These actions bring the total number of mortgage brokers banned to 91 and serve as a warning to individuals who are involved in mortgage fraud, try to mislead the FSA or who fail to comply with its rules.
John Charalambous, a director of TFA, an authorised mortgage and general insurance intermediary in Sidcup, Kent, has been fined £294,500, for taking part of a customer’s mortgage advance, and for attempting to defraud life insurance companies.
Charalambous advised a customer to remortgage their property to raise additional money for a new property, increasing the amount of the loan on the mortgage application without the customer’s knowledge or approval, and arranging to receive the excess amount into his own bank account. He then wrote the customer cheques which he was fully aware would bounce; and continues to owe the customer £44,500.
He also set up life insurance policies in the name of customers without their knowledge to obtain commission and applied for other false life insurance policies in an attempt to obtain commission payments.
Following an investigation, the FSA concluded that Charalambous had committed serious mortgage fraud which resulted in significant customer detriment and that a ban and significant financial penalty was appropriate.
Richard Granville Greenland, of Beckenham in Kent, and an approved person of Guardian, a small mortgage broker, has been banned and fined £120,000 for knowing involvement in mortgage fraud and failing to ensure Guardian had appropriate systems and controls.
Part of the fine (£100,000), is imposed for Greenland’s involvement in mortgage fraud. Greenland submitted applications to lenders on behalf of customers and himself which he knew contained false and misleading information. The remainder, £20,000, was imposed on Greenland for failing to ensure that he and his company complied with FSA standards, including failing to ensure that Guardian maintained customer records and recorded the suitability of advice it gave to customers.
The FSA concluded that Greenland failed to meet minimum regulatory standards in terms of honesty and integrity, and competence and capability, and that he is not a fit and proper person.
Michael Adam Goldman, of Goldman Group, Manchester, acted as a mortgage and insurance intermediary and was an approved person and an authorised person. The FSA has banned Goldman for submitting a fraudulent application for himself in 2007, and for submitting fraudulent mortgages for three closely related clients, and concluded he is not a fit and proper person to continue trading.
Goldman substantially inflated both his own and his clients’ income in order to obtain fraudulent mortgages. Given the seriousness of the fraud, Goldman would have also been fined £102,158 if he had not been declared bankrupt in November 2009.

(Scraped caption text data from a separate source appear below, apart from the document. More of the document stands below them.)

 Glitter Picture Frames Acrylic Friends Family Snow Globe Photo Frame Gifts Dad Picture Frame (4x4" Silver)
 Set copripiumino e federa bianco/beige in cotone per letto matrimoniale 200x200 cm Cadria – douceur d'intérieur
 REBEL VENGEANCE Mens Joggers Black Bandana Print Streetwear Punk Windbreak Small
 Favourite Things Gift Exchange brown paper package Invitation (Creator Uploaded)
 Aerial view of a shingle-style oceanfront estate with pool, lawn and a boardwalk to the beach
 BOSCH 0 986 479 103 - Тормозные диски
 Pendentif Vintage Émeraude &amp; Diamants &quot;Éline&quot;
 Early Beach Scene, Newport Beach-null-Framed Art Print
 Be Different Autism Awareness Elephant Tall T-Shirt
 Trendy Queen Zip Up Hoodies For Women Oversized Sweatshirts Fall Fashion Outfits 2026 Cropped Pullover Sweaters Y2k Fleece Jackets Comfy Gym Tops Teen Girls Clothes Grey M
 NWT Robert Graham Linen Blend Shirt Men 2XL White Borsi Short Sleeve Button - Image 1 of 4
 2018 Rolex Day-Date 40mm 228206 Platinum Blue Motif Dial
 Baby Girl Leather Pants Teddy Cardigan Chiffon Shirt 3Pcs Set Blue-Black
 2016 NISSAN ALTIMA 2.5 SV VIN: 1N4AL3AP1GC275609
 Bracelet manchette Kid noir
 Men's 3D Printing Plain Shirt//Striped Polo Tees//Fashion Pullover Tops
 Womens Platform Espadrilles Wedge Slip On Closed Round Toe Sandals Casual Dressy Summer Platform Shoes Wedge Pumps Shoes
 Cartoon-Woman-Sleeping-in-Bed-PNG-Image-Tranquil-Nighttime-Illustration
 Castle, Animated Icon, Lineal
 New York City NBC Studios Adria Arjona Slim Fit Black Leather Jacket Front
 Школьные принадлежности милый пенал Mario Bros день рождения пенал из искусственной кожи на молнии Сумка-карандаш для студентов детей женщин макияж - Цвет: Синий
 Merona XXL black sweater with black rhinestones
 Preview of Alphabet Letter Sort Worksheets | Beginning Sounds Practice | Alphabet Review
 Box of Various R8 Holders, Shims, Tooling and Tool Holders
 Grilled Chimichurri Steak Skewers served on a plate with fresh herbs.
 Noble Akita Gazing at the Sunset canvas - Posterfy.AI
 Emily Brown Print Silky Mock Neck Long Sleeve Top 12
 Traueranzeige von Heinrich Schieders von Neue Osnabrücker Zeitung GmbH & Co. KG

Margaret Cole, the FSA’s director of enforcement and financial crime, said:
“We take mortgage fraud very seriously, particularly when customers suffer or are financially at risk. All three individuals have demonstrated a serious lack of integrity and we regard it as even more serious when those in senior roles and who are trusted by the customers abuse their positions.
“The FSA continues to identify threats to consumers through intrusive supervision and removes these where possible by banning rogue individuals. We expect this tough action to deter others from conducting themselves in this way.”
Two of these cases arose from the thematic review work of the FSA’s Small Firms and Contact Division. The third case arose after the FSA’s Small Firms and Contact Division pursued concerns raised by a third party.